Jack Pierson
Jack Pierson: Tomorrow's Man #5 - Signed
Details
10 SIGNED COPIES AVAILABLE
Published by Bywater Bros. Editions, 2020
164 pages, softcover
10 x 7.25 inches / 25.4 x 18.4 cm
ISBN 978-1-988469-14-0
Edited and designed by Jack Pierson and Roger Bywater
The latest edition in Jack Pierson’s ongoing Tomorrow’s Man artist’s book series featuring work from some of Pierson’s favorite contemporary artists.
Utilizing the series all over design layout this installment features a diverse body of art such as Dietmar Busse’s enigmatic, almost occult drawings on photography, David Dupuis’ colorful collages, Richard Tinkler’s bright geometric abstractions, together with works by Jeff Davis, Florence Derive, Garth McConnell, Samoa, Clément PJ Schneider, Janet Stein, Paula Stuttman and Jordan Wolfson included alongside Pierson’s own images and assorted ephemera. All set against a series of diaristic texts by David Carrino that document his experiences as a massage/sex worker within New York.

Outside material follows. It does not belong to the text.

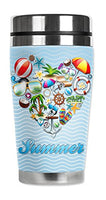 Mugzie brand 16-Ounce Travel Mug with Insulated Wetsuit Cover - I Summer Heart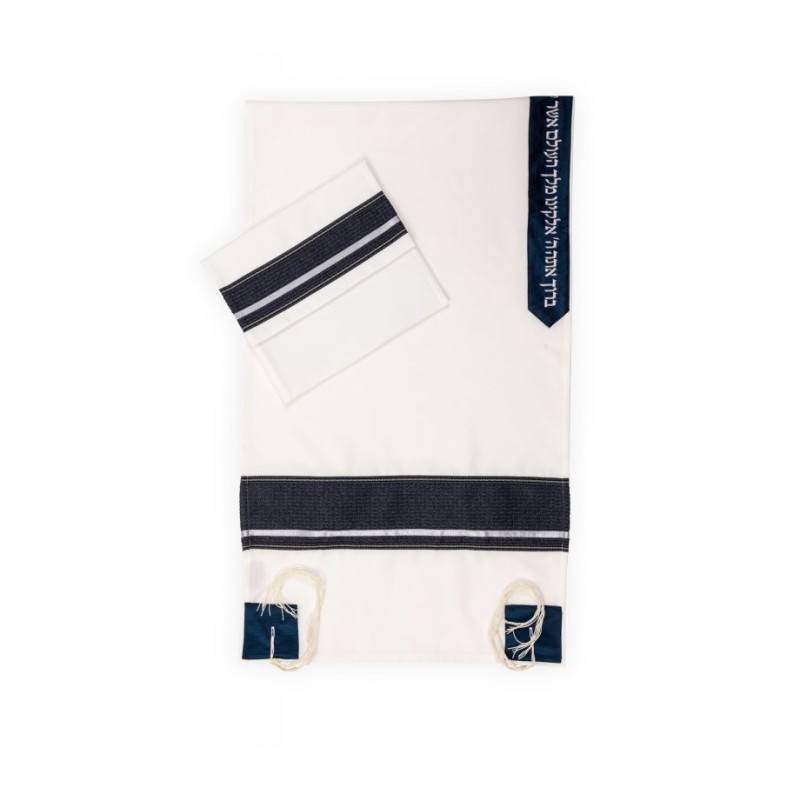 Tallit Set by Ronit Gur with Gray Stripe of David | Modern Tallits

The title, Tomorrow’s Man, comes from an infamous bodybuilding magazine from the 1950s and ‘60s. Reappropriating the publication’s title as well as its retro bodybuilding aesthetic, Pierson takes viewers on a dizzying visual journey encompassing the full spectrum of cultural references.
Available with four different covers to choose from.
For Signed Copies Only: Unable to choose a specific cover
Jack Pierson
Jack Pierson works with a variety of media, including painting, drawing, photography, sculpture, installations and film. Through exploration of celebrity, melodrama and loneliness, Pierson articulates these through an emotional narrative manifesting lost love, sexual longing, faded glamour, fleeting moments, and melancholic and sentimental reflection. His favored subjects are excerpts from his daily life: fragments of urban landscapes, still lives of ordinary objects, homoerotic nudes and evocative words worked into collages or transformed into wall mounted sculptures. Deeply rooted in Americana, the artist seeks to portray the other side of the American Dream, what he calls “the tragedy inherent in the pursuit of glamour”.